* **DATASET CONTENT**:
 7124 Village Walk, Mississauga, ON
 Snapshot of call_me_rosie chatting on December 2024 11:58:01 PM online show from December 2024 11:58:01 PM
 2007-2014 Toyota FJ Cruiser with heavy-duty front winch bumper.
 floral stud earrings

* **EXERCISE DIRECTIONS**: Without skipping a line, print the listing once more exactly.

* **OUTPUT FOR THIS EXERCISE**:
 7124 Village Walk, Mississauga, ON
 Snapshot of call_me_rosie chatting on December 2024 11:58:01 PM online show from December 2024 11:58:01 PM
 2007-2014 Toyota FJ Cruiser with heavy-duty front winch bumper.
 floral stud earrings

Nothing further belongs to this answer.